Es ist Samstag Abend und ich arbeite. Aber, wie schon Roger Schawinski wusste: Who cares? Zwar habe ich zwei der drei nachfolgenden Bücher an dieser Stelle schon kurz erwähnt, doch will ich nochmals gesammelt drei Werke empfehlen, deren Lektüre eine hervorragende Übersicht über die Berliner Technoszene liefert. Ich schreibe - ganz nebenbei, nicht? - meine Masterarbeit zu diesem Thema. Sauglatt, nicht, nicht?
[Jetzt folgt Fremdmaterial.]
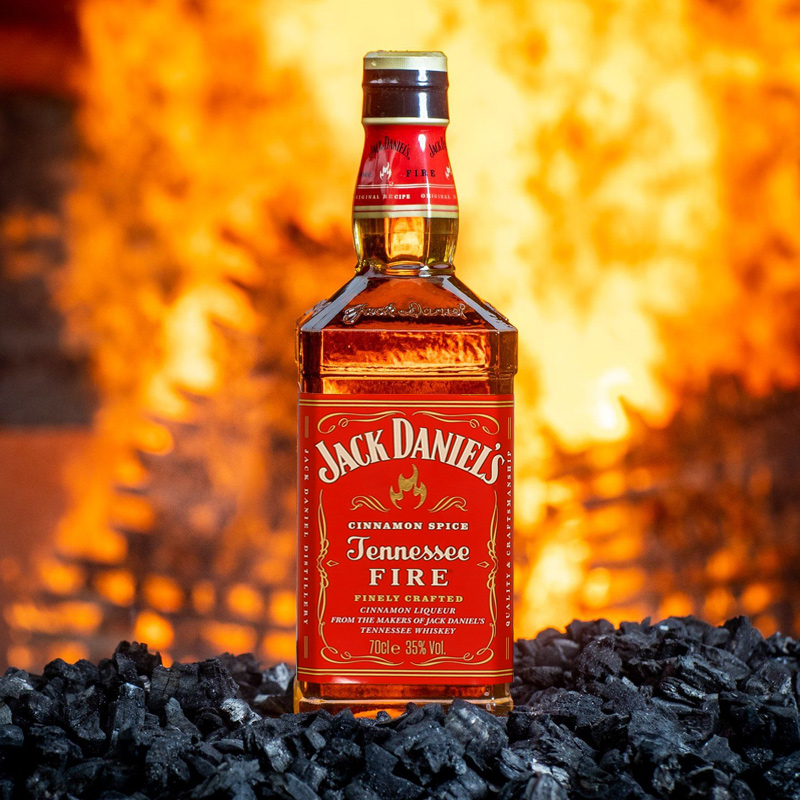 御玖轩 美国进口洋酒 JackDaniels杰克丹尼火焰威士忌700ml - 图2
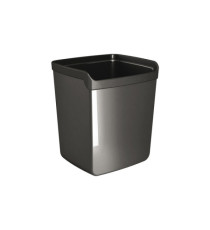 Bicchiere portapenne Mydesk - 8,7x7,4x10 cm - nero - Arda Bicchiere portapenne Mydesk - 8,7x7,4x10 cm - nero - Arda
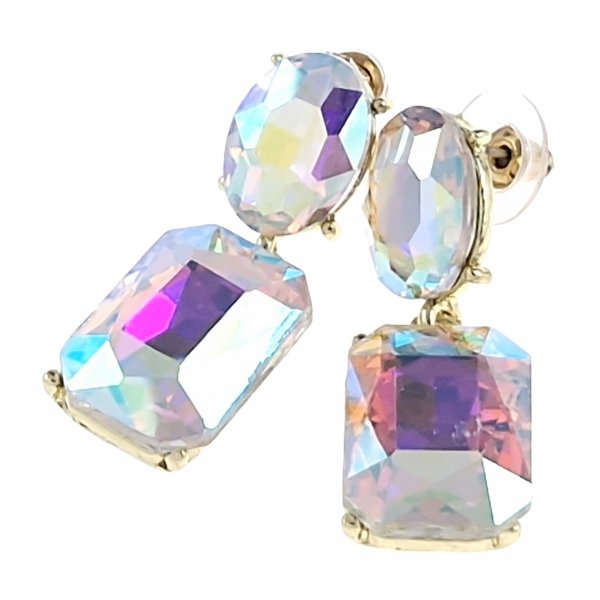 gold plated earrings with exclusive cubic zirconia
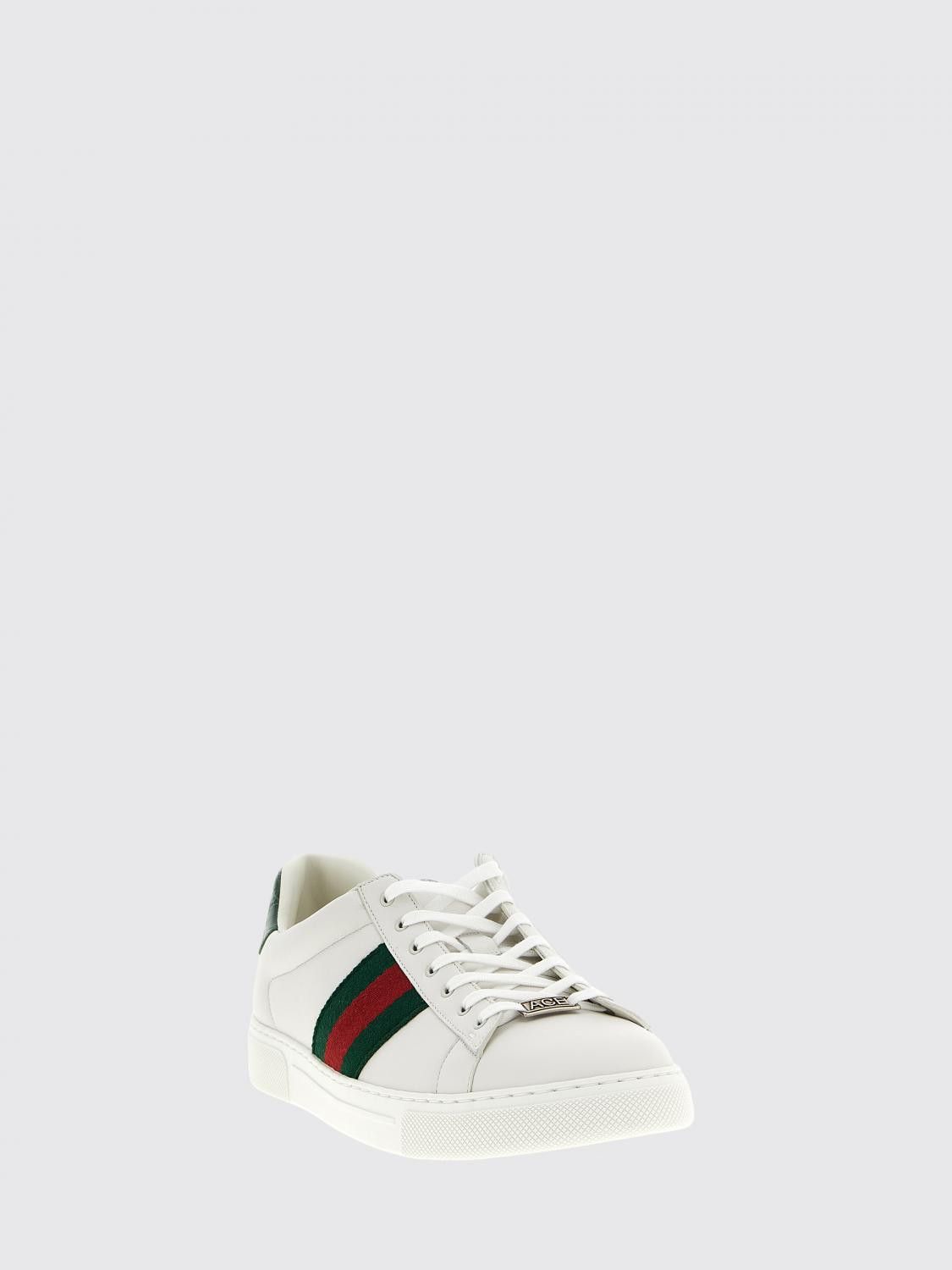 Gucci Gucci Sneakers Men White Size US 13 / EU 46 - 2 Thumbnail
Anfangen würde ich wohl mit dem neuesten Buch 'Der Klang der Familie', welches die zeitlich am weitesten zurück liegende Phase abdeckt: vor und insbesondere nach dem Mauerfall 1989. Die Autoren Denk und von Thülen haben Zitate aus zahlreichen Interviews zu einer sehr schön lesbaren Collage vereint. Mit diesem Buch erhält man ein lebhaftes Bild der Anfänge. Back to the roots.
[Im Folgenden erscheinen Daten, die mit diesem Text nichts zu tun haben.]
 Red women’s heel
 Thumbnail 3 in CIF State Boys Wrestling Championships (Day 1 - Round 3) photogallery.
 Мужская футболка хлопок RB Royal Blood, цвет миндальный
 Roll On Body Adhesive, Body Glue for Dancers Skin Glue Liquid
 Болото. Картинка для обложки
Nach einer Verschnaufpause, die wird für die Lektüre des zweiten Buches nötig sein, folgt Anja Schwanhäußers Ethnografie der Szene: 'Kosmonauten des Underground'. Die Autorin leistet eine wunderbar tiefgreifende Beschreibung eines sehr relevanten und charakteristisch prägenden Teils der ganzen Berliner Szene für elektronische Musik: der im Stadtraum umherschweifenden, driftenden Akteure des Techno-Underground. Eindrücklich wie sie Fäden verknüpft - Urbanität, Postmoderne, Bourdieu und das Neue Kleinbürgertum, Drogen, Subkultur. Man könnte die Aufzählung noch lange weiterführen. Ein fantastisches Buch, basierend auf ihrer Dissertation an der Humboldt. Nach der Lektüre hat man ein reiches und wertvolles Verständnis der Szene. (P.S.: was zur Abrundung aus heutiger Sicht fehlt ist sicherlich das schwule Element. Ostgut/Berghain und so.)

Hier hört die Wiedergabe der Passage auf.